JURASSIC WORLD (2015)

22 ans après Jurassic Park, la franchise créée par Steven Spielberg redémarre en allant au bout du concept initial : un parc d'attractions empli de dinosaures

JURASSIC PARK

2015 – USA

Réalisé par Colin Trevorrow

Avec Chris Pratt, Bryce Dallas Howard, Nick Robinson, Ty Simpkins, Irfan Khan, Vincent d’Onofrio, Omar Sy 

THEMA DINOSAURESSAGA JURASSIC PARK

Malgré leurs morceaux de bravoure, les deux séquelles de Jurassic Park n’arrivaient guère à la cheville de leur illustre modèle. La franchise s’interrompit donc en 2001, faute d’idées neuves et d’engouement du public. Pourquoi la ressusciter quatorze ans plus tard ? Et comment le réalisateur Colin Trevorrow, signataire d’un film indépendant primé à Sundance, allait-il pouvoir prendre à bras le corps un projet aussi pharaonique ? Les premières images du film dissipent nos doutes en quelques secondes, le temps d’une allusion au premier film (l’éclosion d’œufs de raptors), d’un hommage aux pionniers Willis O’Brien et Ray Harryhausen (les images du film Le Monde des Animaux) et d’un gag visuel surprenant (la patte griffue d’un T-rex mais qui s’avère en réalité être celle d’un petit oiseau). Au-delà de son jeu sur les faux semblants, cette facétie visuelle nous ramène aux écrits de Michael Crichton, qui rapprochait la morphologie des oiseaux de celle des dinosaures.
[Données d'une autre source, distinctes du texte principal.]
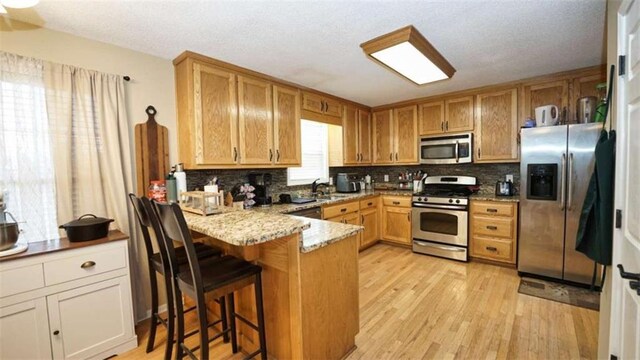 kitchen featuring appliances with stainless steel finishes, a peninsula, light wood-style floors, a chandelier, and a wealth of natural light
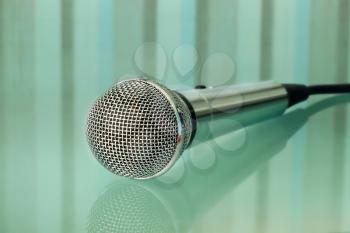 Silver metallic microphone on a striped transparent blue background.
A bien y réfléchir, Jurassic World serait même presque plus proche que Jurassic Park de l’univers de Crichton, reprenant fidèlement le schéma narratif de son film Mondwest : un parc d’attractions futuriste propose une immersion dans le passé à des foules de visiteurs enthousiastes, jusqu’à ce qu’une faille dans le système ne provoque une catastrophe. Dans le film, il est établi que les dinosaures ont été ressuscités depuis deux décennies et n’étonnent plus personne. Un tyrannosaure dévorant une chèvre ou de titanesques sauropodes arpentant les plaines sont désormais des spectacles banals auxquels les teenagers prêtent à peine attention. D’où l’idée de créer une nouvelle espèce de dinosaure mutante susceptible d’attirer à nouveau les foules. Le film nous propose du coup une mise en abîme vertigineuse qui prend sa source dans le premier Jurassic Park. A l’époque, personne n’avait encore jamais vu d’images de synthèses aussi réalistes. Mais 22 ans plus tard, les tours de magie des créateurs d’effets spéciaux ne surprennent plus. C’est exactement ce que raconte Jurassic World, utilisant la résurrection des dinosaures comme métaphore idéale de la révolution numérique.

Les dinosaures n'étonnent plus personne

En adéquation avec son propos, Colin Trevorrow ne cherche jamais à nous en mettre plein la vue. Ses dinosaures sont bien sûr extrêmement impressionnants, mais au lieu de faire jaillir des centaines de créatures aux quatre coins de l’écran, Jurassic World ménage ses effets pour mieux nous surprendre. De fait, le fameux Indominus Rex mutant ne nous est exposé que progressivement, son comportement nous effrayant beaucoup plus que sa simple morphologie. Ce parti pris n’empêche pas la profusion de séquences d’action extrêmement spectaculaires, notamment une battue nocturne qui vire au bain de sang ou une attaque massive de ptérosaures qui fondent sur la foule avec une frénésie destructrice rappelant irrésistiblement Les Oiseaux. Cette volonté permanente de retour aux sources se manifeste aussi par l’utilisation des codes du cinéma de divertissement à l’ancienne. Les deux jeunes héros ressemblent aux enfants des productions Amblin des années 80 et les relations conflictuelles du couple incarné par Chris Pratt et Bryce Dallas Howard évoquent les chamailleries d’Harrison Ford et Kate Capshaw dans Indiana Jones et le Temple Maudit, elles-mêmes héritées du cinéma d’aventure hollywoodien des années 50. Jurassic World est donc un divertissement de très grande qualité, doublé d’un hommage énamouré au premier Jurassic Park et d’une réflexion passionnante sur l’évolution des goûts du public. Voilà de quoi redémarrer sur d’excellentes bases la saga jurassique initiée jadis par Michael Crichton et Steven Spielberg.